Although independent pharmacies have typically been the targets of PBM audits, recently, PBMs have been setting their sights on other dispensing entities, including those which, before now, have not received substantial audits, such as community oncology practices. While the exact structure and operations of these practices can vary, generally speaking, community oncology practices are private physician-based practices where patients can receive cancer treatments. Community oncology practices provide an alternative to hospital-based cancer treatment, specifically by allowing patients to have their medications administered directly in their physician’s offices. The convenience and overall comfort provided in these settings as opposed to hospitals are one of the many reasons that patients may elect to be treated in community oncology practices. As more and more cancer treatments and therapies have migrated from intravenous-based chemotherapy administered in physicians’ offices to oral oncolytics that are self-administered by the patients, many community oncology practices have added some form of in-office dispensing to provide outpatient oncology medications directly to their patients. The exact form of this in-office dispensing may vary depending on state law, with some community oncology practices engaging in physician dispensing under the prescriber’s plenary medical license, while other practices own and operate licensed pharmacies housed directly within the practice.

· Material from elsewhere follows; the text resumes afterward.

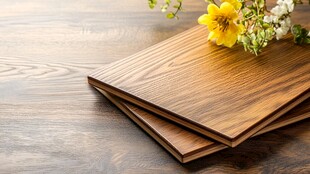 木纹板材上的清新花卉点缀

Despite the fact that community oncology practices have been engaged in the dispensing of prescription drug products for some time, until recently they have not been subject to PBM audits (at least to the rates seen by independent retail pharmacies). Frier Levitt attorneys have noticed a distinct uptick in the number of audits being performed on community oncology practices, with a noted majority of these audits being conducted by a single major PBM. While the targeting of these entities is atypical compared to audit trends in recent years, the types of discrepancies and conduct at issue in these audits are typical of what is seen in PBM audits of pharmacies. In particular, PBMs have required community oncology practices to submit documentation to prove that the practices are collecting the appropriate copayments from patients, and that the prescriptions are being dispensed and billed in accordance with the directions and days supply authorized by the prescriber. We have also seen specific audits focusing on the dispensing of certain oncology medications, like Venclexta, in accordance with the FDA-approved labeling and manufacturer instructions. Upon receipt of audit findings, community oncology practices should remember to fully exhaust all appeals processes afforded to them under their PBM provider agreement and utilize the same strategies Frier Levitt has previously discussed in order to resolve discrepancies alleged by PBMs.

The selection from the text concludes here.